С Роном ведь можно и по-другому. Не только словами, но поцелуями, касаниями…

 

— Мне нужно знать и чувствовать, что меня слышат, — спустя время буркнул Рон, расслабившись в ее объятьях. — А то иногда чувствую себя призраком, которого никто не видит.

 

— Ты не призрак, Рон.

 

— Угум. Но последние месяцы меня что-то жестко из-за этого кроет.

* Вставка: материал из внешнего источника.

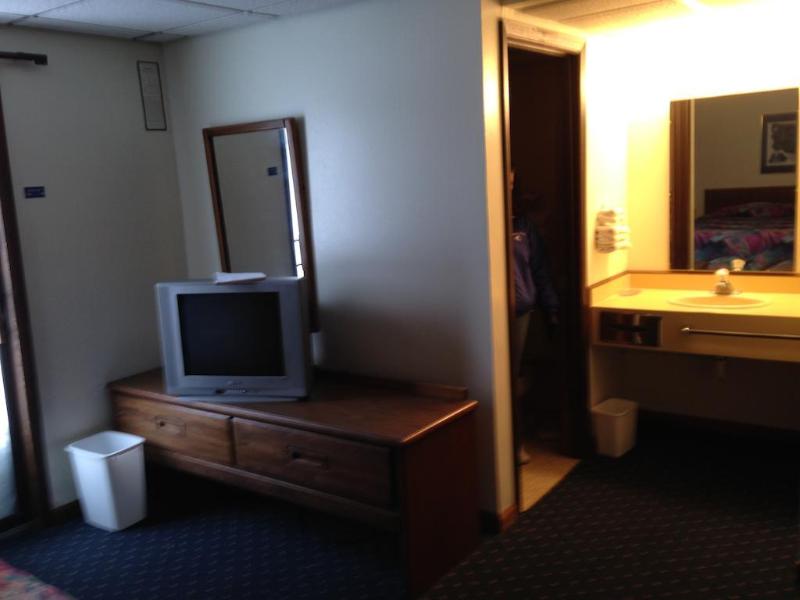 Knights Inn Mackinaw City image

Словно Вселенная меня проверяет…

 

— Гребаный Сатурн, — прошептала Гермиона.

 

— Сатурн? — Рон зашевелился и поднял на нее взгляд. — В смысле?

 

Гермиона страдальчески застонала, но собралась с духом и пересказала все, что сумела запомнить со слов Парвати и хоть как-то уложить в свою картину мира.

 

— Да ну бред! — засмеялся Рон, привстав на локте. — Еще бы она там в Уран* всмотрелась!

 

Гермиона шлепнула его по руке и зашипела:

 

— Не смешно!

 

— Ты же не веришь в это все! — заявил Рон, проигнорировав шлепок. — Откуда вдруг всплыл Сатурн?

 

— Знаешь, за последние дни со мной случилось столько всего, что я… кажется, я уверовала в Сатурн, — вздохнула она. — Только Парвати не говори!

 

Рон хмыкнул.

 

— На тебя это совсем не похоже.

 

— Знаю, — признала Гермиона. — Но я уже так устала думать, рефлексировать, разбираться и искать причины всего во всем, что хочу хотя бы на выходные отключить голову и… обвинить во всем этот идиотский Сатурн!

 

Рон довольно прищурился и переплел с ней пальцы.

 

— Ебаный Сатурн, — поддержал он и уточнил после небольшой паузы: — Это же у него кольца, да?..

 

— Да.

 

— Ебаные кольца! — уже уверенно воскликнул он. — Ебаные кольца ебливого Сатурна!

 

— Все из-за них, — закивала Гермиона, — Сатурн написал обо мне ту статью, Сатурн наслал на меня тонну громовещателей…

 

— Сатурн сжег мою яичницу утром.

 

— Сатурн нас поссорил.

 

— Сатурн посадил твой свитер при стирке.

 

— О нет, тот самый? — простонала Гермиона.

 

— Да-а, — жалобно протянул Рон, — прости…

 

— Не извиняйся! Это все Сатурн!

 

— Ебаный Сатурн!

 

И вот как-то… стало так легко. Как будто бы вся энергия, которую Гермиона раньше тратила на поиски причин, на логический последовательный разбор, на всю эту мучительную рефлексию… освободилась? Осталась при ней?..

 

Да и Рон как-то так втянулся в эту шутку про Сатурн… Они давно уже так искренне не хохотали, ленясь и валяясь в кроватке...

 

Ну и пусть это нелогично! Ну и пусть это выглядит, как дурацкое перекладывание ответственности!

 

В конце концов, Гермиона всегда была правильной и разумной девочкой. Раз в двадцать девять лет уж вполне имеет право обвинить во всем Сатурн.

Примечание

* Легендарная непереводимая шутка из канона, которую Рон шутил в книгах аж два раза. «Уран» по-английски — «Uranus», что читается и произносится как «your anus», т.е. «твой анус».